======== SUPPLIED DATA ========

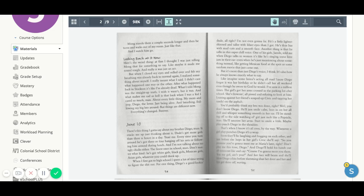When I first got to high school, I spent a lot of time trying to figure the shit out. For one thing, Diego's a good looking dude, alright? I'm not even gonna lie. He's a little lighter skinned and taller with bluer eyes than I got. He's thin but with mad cuts and a smooth face.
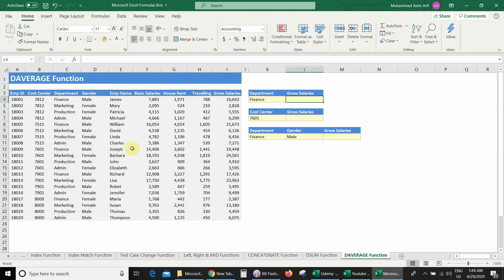As you can see, we have a database which contains employee ID, cost center, departments, gender, employee name, basic salaries, house rent allowance, travelling allowance, and gross salaries.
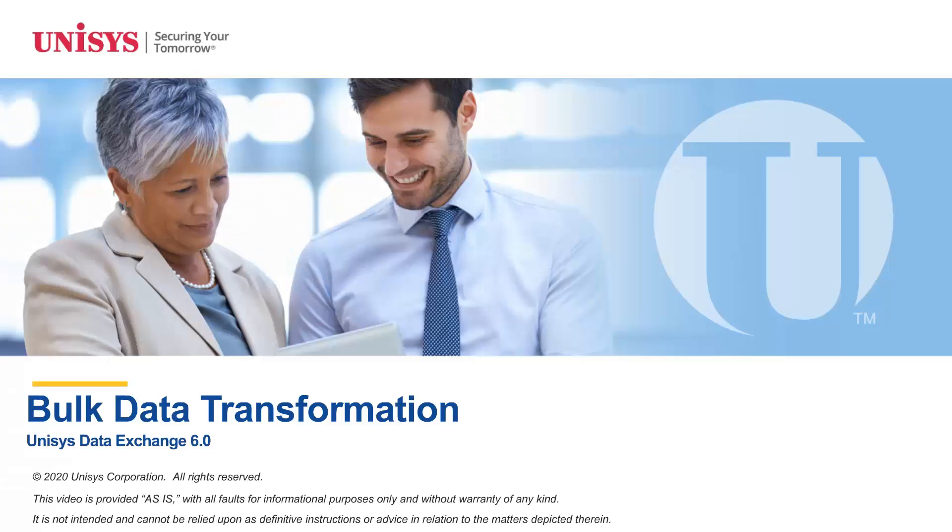Welcome to the demonstration on how to start and monitor a bulk data transformation, also called BDT for a stream.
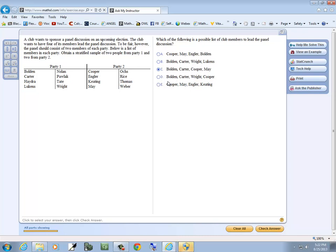Now just to eliminate these, I've got D, says Bolden, Carter, Wright. Bolden, Carter, and Wright are all three in party one. So if we need two from each party, that doesn't work.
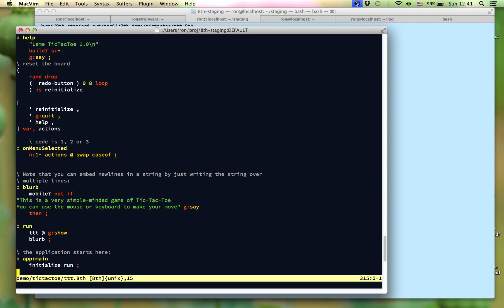Just an aside, the application itself is encrypted, and so the deployed binary does not show all of this source code that we see. I hope you've enjoyed this small demonstration of the power of 8th.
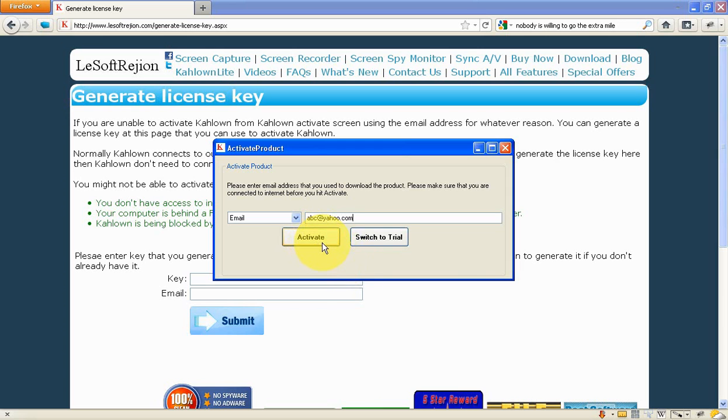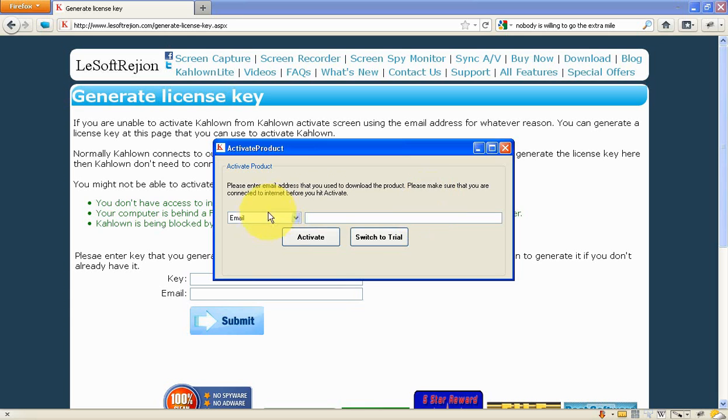If you have internet access, it should connect to the licensing server and activate itself. If you do not have internet access or you're behind a firewall, then you should use the license key.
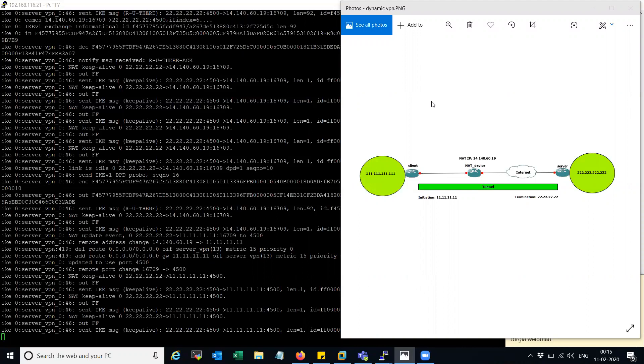Hi friends, welcome to my channel. Today we will see how to configure Dynamic VPN in main mode.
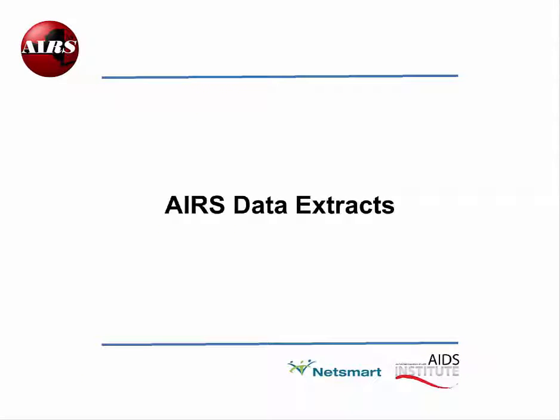This is Ron Pellew with NetSmart Technology and I welcome you to AIRS, the AIRS Data Extracts.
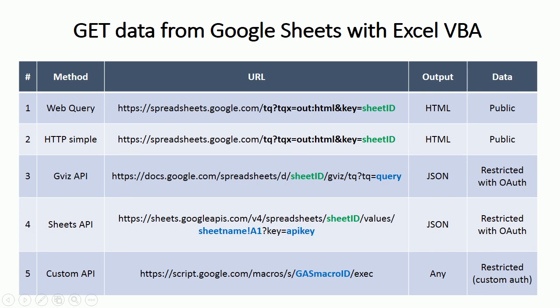Hello and welcome to the channel. In this video I will show you five different ways to get data from Google Sheets with Excel VBA macros.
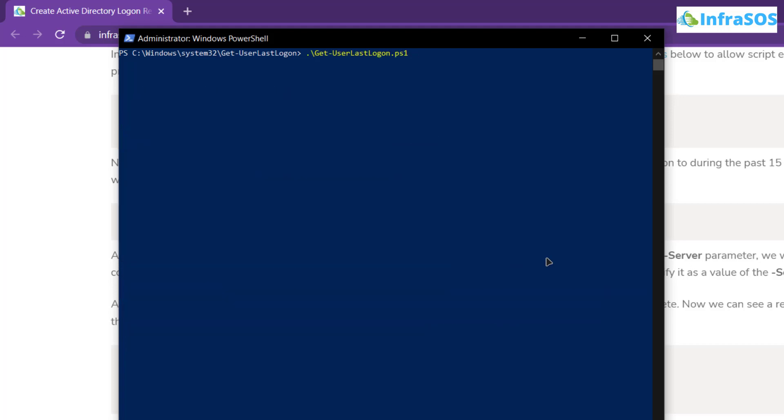So simply type dot and then a backslash followed up by the name of the script which is get user last logon. After that you want to specify the user whose last logon you want to fetch.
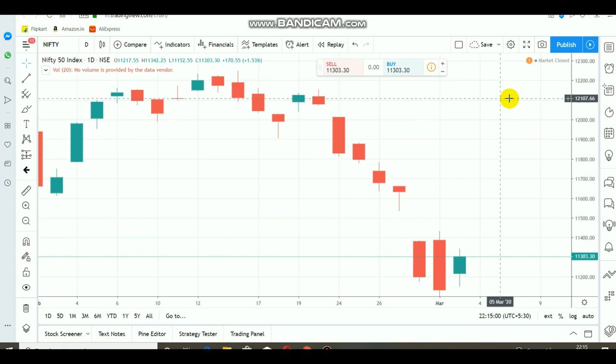Welcome! In this video, we will talk about Breakout Ranges in Nifty. If you want to trade the Breakout Ranges, you can trade in the market. This video is very helpful.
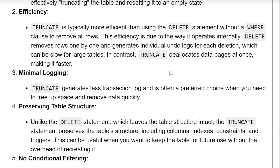DELETE removes rows one by one and generates individual undo logs for each deletion, which can be slow for large tables. In contrast, TRUNCATE reallocates data pages at once, making it faster.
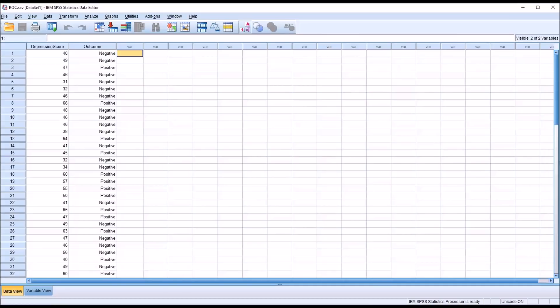Hello, this is Dr. Grande. Welcome to my video on Calculating and Interpreting an ROC Curve in SPSS. ROC stands for Receiver Operator Characteristic, and we use an ROC curve to evaluate the sensitivity and specificity of a diagnostic test.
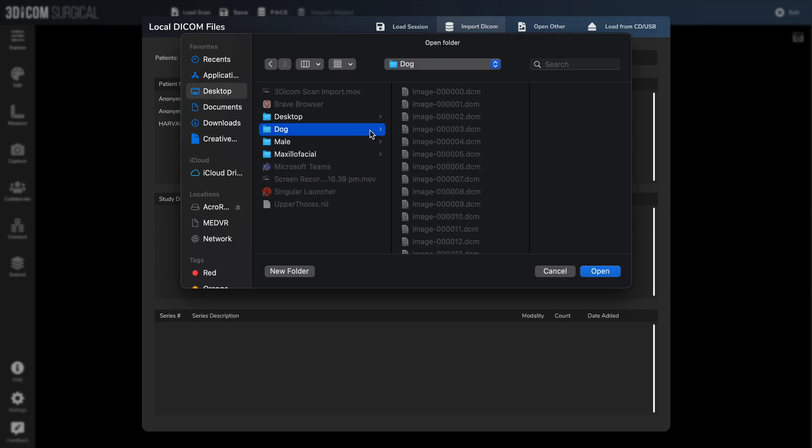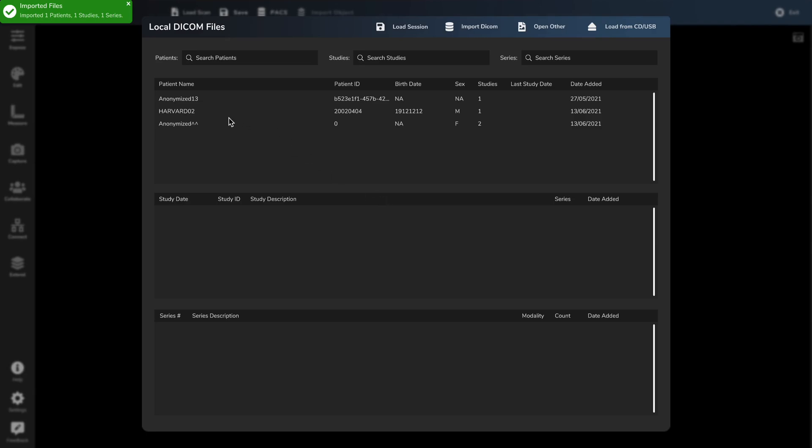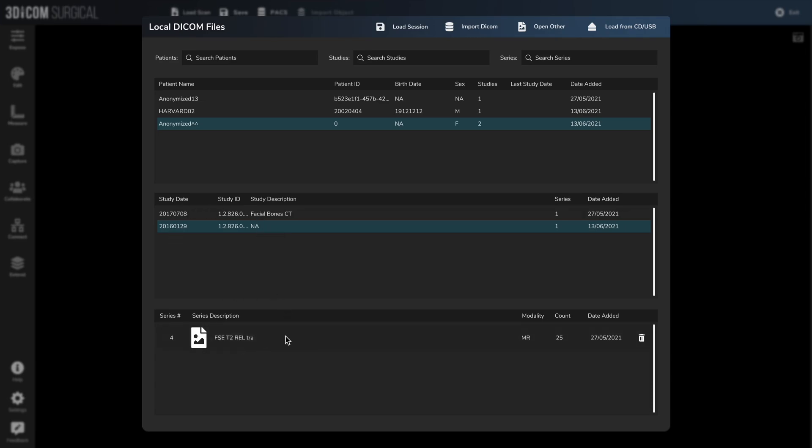DICOM scans are not just limited to humans, so we can select a scan of a dog. This will import it in and it becomes part of this anonymized scan here, and we can go through. It's only 25 slices, so a very poor quality scan. Here's the studies and here are the different series.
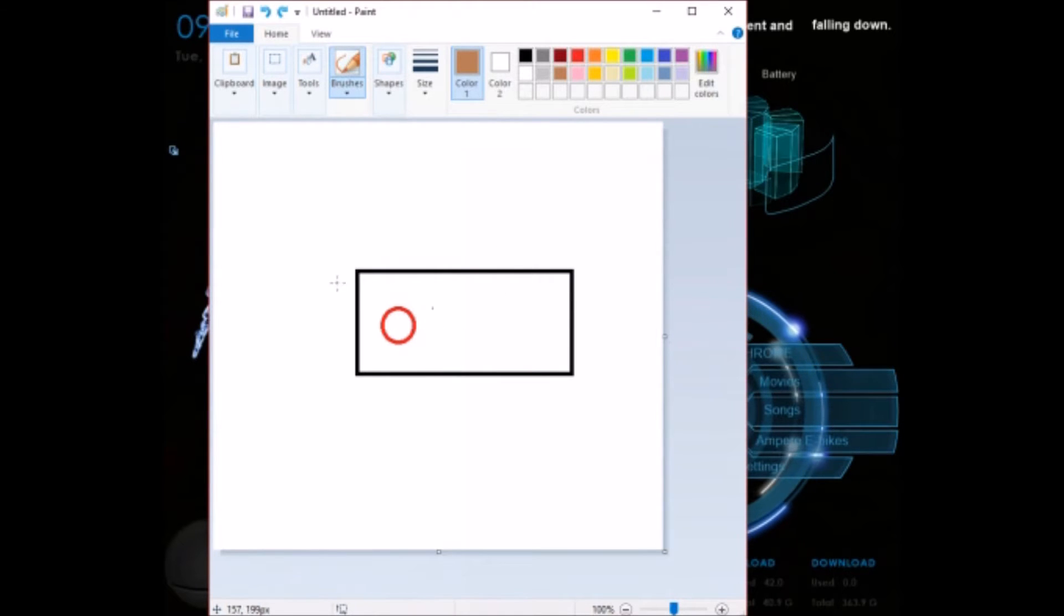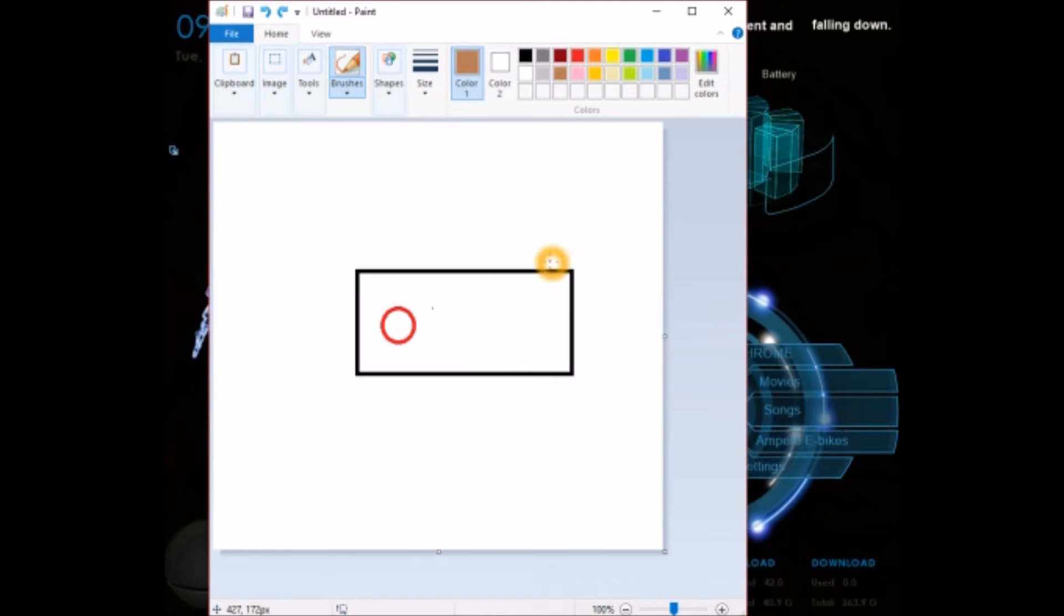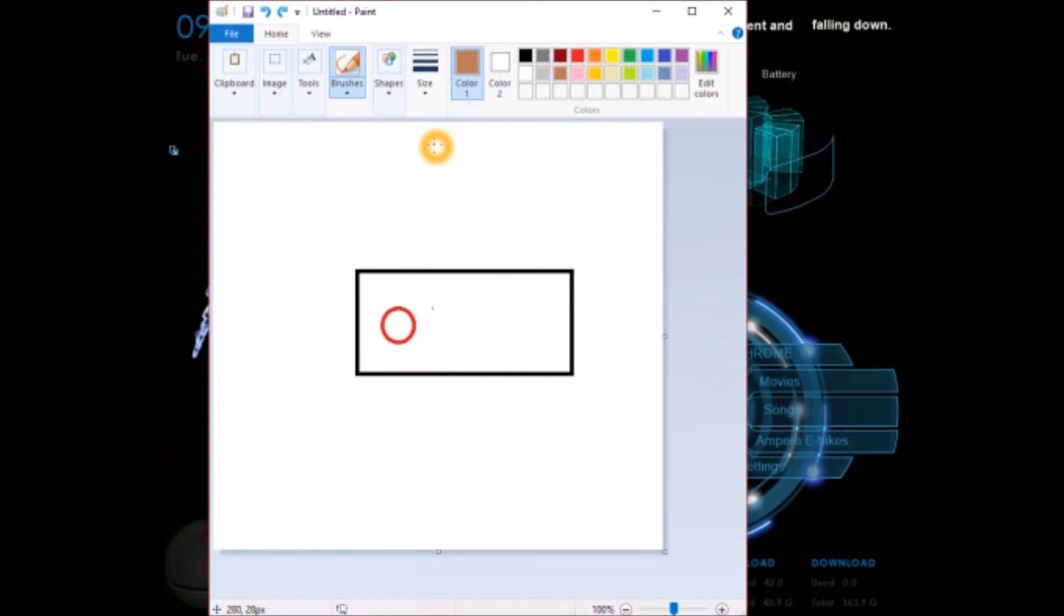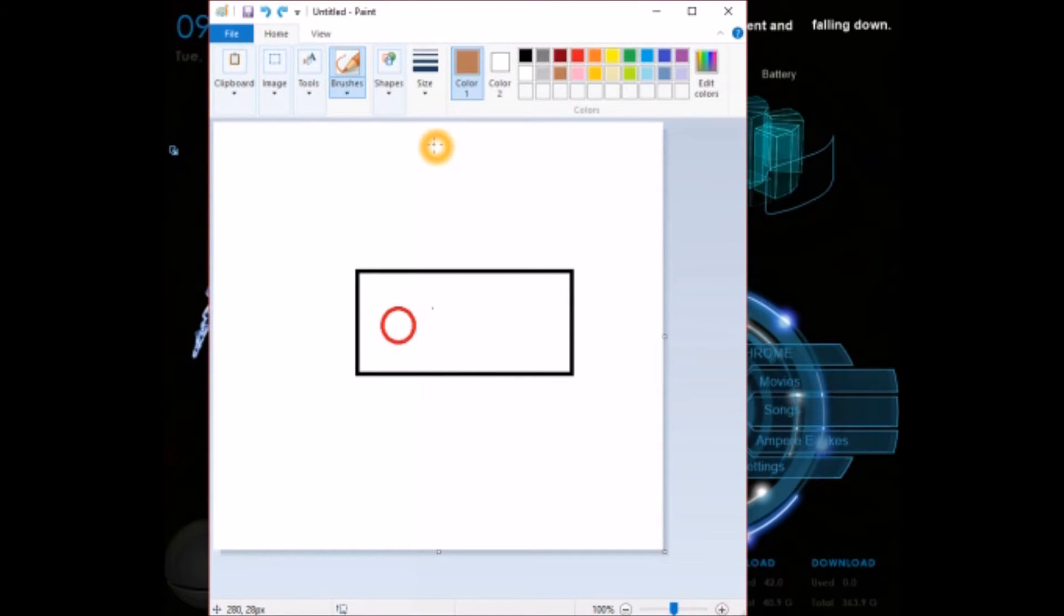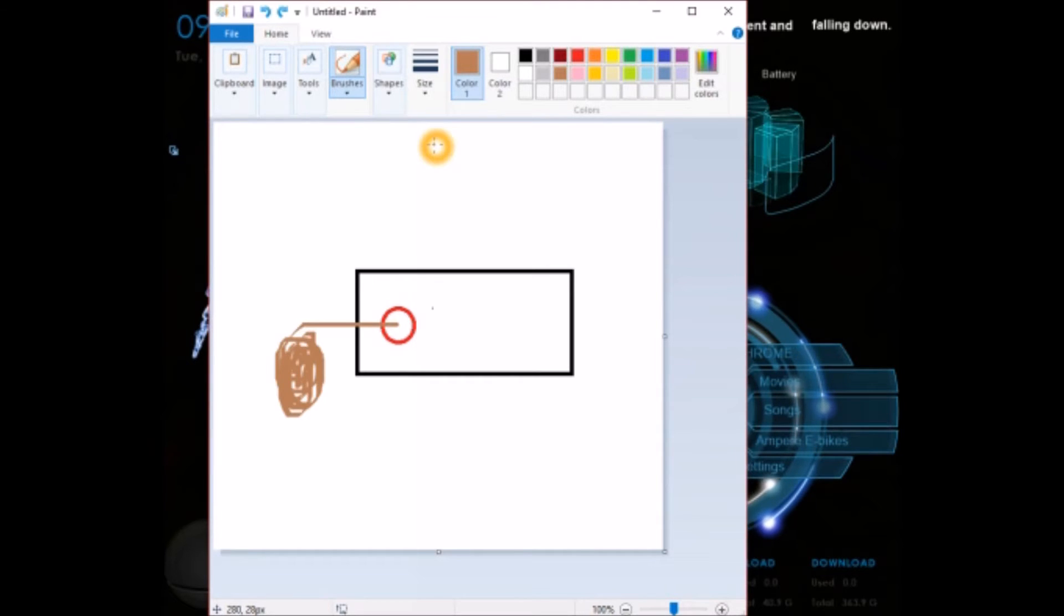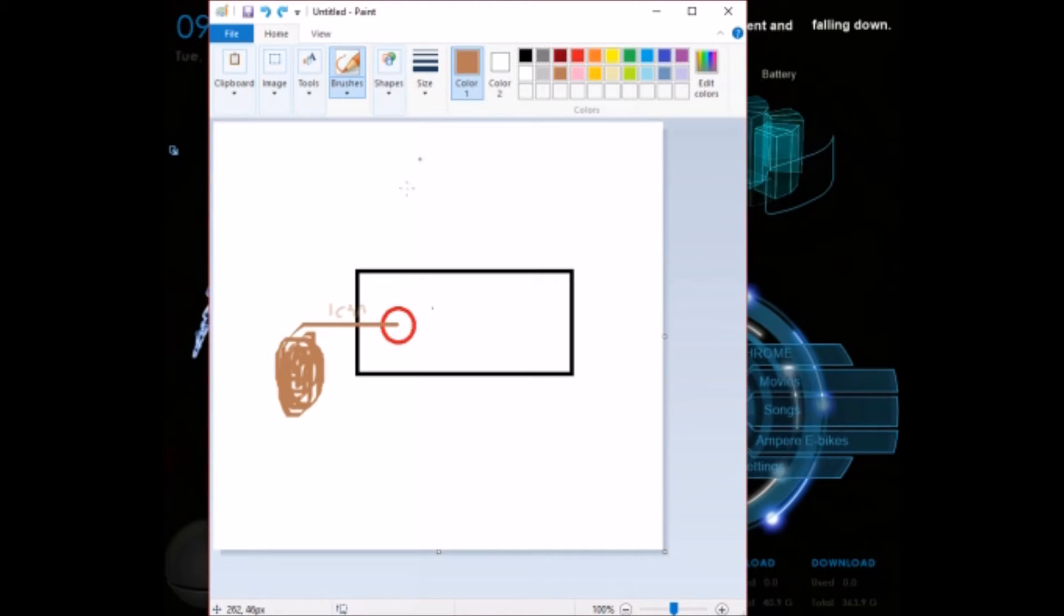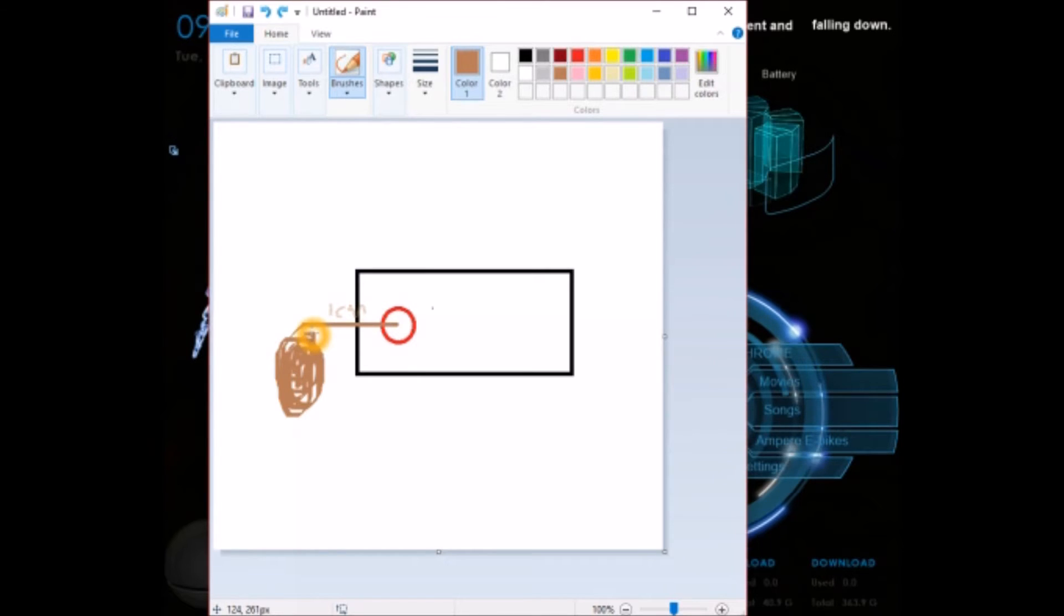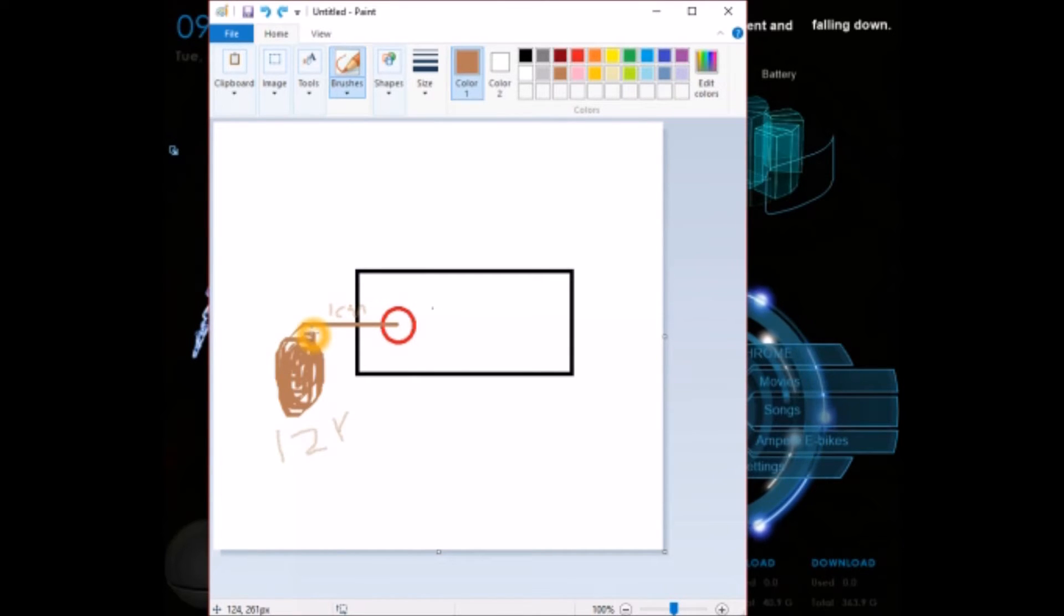Let us assume that this black color box is the servo motor and this red color is the shaft of the servo motor. If it is a 12 kg-cm servo motor for example, it means that at a distance of 1 cm from the center of the shaft you can suspend a load of 12 kgs. So this is what the rating means.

========

▶ [WORK INSTRUCTION] Please return exactly the lines above, from where the listing starts to the line holding "Hello and welcome", inclusive, with the pictures omitted.

▶ [TASK SOLUTION]
When I first got to high school, I spent a lot of time trying to figure the shit out. For one thing, Diego's a good looking dude, alright? I'm not even gonna lie. He's a little lighter skinned and taller with bluer eyes than I got. He's thin but with mad cuts and a smooth face.
As you can see, we have a database which contains employee ID, cost center, departments, gender, employee name, basic salaries, house rent allowance, travelling allowance, and gross salaries.
Welcome to the demonstration on how to start and monitor a bulk data transformation, also called BDT for a stream.
Now just to eliminate these, I've got D, says Bolden, Carter, Wright. Bolden, Carter, and Wright are all three in party one. So if we need two from each party, that doesn't work.
Just an aside, the application itself is encrypted, and so the deployed binary does not show all of this source code that we see. I hope you've enjoyed this small demonstration of the power of 8th.
If you have internet access, it should connect to the licensing server and activate itself. If you do not have internet access or you're behind a firewall, then you should use the license key.
Hi friends, welcome to my channel. Today we will see how to configure Dynamic VPN in main mode.
This is Ron Pellew with NetSmart Technology and I welcome you to AIRS, the AIRS Data Extracts.
Hello and welcome to the channel. In this video I will show you five different ways to get data from Google Sheets with Excel VBA macros.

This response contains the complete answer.